HH: Yup. Now in the investigation that's unfolding, and it's going so quickly. We've discovered Pakistanis launched the first attack. A Somali was arrested yesterday. Three Turks last night. They're looking for an Iritrean. All of these people living in London a very long time, Mark Steyn. How bad do you think the jihadist network has been allowed to metastasize in London?

MS: Well, I think that's a very serious situation. If you land at Heathrow tomorrow, Hugh, as a U.S. citizen, as a law-abiding U.S. citizen, they'll put a big stamp in your passport, saying recourse to public funds prohibited, if you do that as a U.S. business traveler staying at the Ritz for 48 hours.
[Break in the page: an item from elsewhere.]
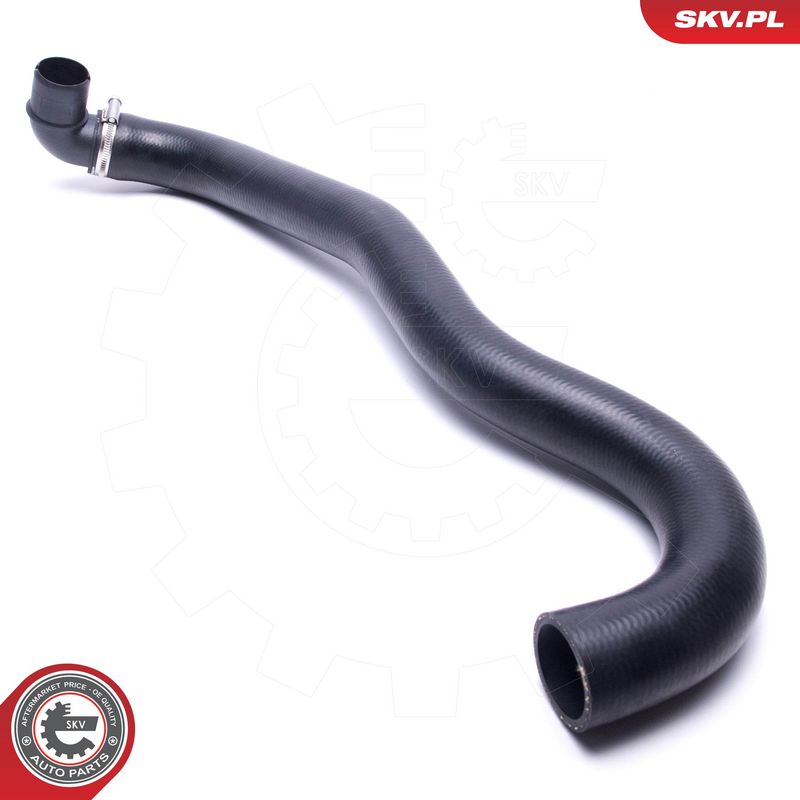 Laadimisõhu voolik, ESEN SKV 43SKV286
This one guy they arrested yesterday, he's a Somali. He's been living in a council flat, which is public subsidized housing in London, for six years, at taxpayer expense, receiving income support. British taxpayers are essentially subsidizing the jihad against them, and that's an absurd situation that the British public can't tolerate for much longer.

HH: Do you sense a general hardening among serious people about this war? I mean, we do have people who do over the top like Tancredo, though I have not yet established whether you disagree with Tancredo's threat, and so let's pause there for a moment. What did you make of Tom Tancredo's nuke Mecca threat.

MS: I think that's a ridiculous suggestion, although I would say that at a certain level, if you want to fight a slow-motion war, in a rather desultory fashion, at some point, people are going to get annoyed and demand extreme measures. But to suggest we're at the stage of nuking Mecca right now, is just idiotic.

HH: Now today, a group of top U.S. Muslim scholars finally issued a fatwa. And I welcome it. It's good news. It's been four years since 9/11. But this fatwa is arrayed against all terrorists and would-be Muslim terrorists, saying it's simply unacceptable. Too little, too late, or is it the right thing that needs to happen?

MS: I think it's too little, too late.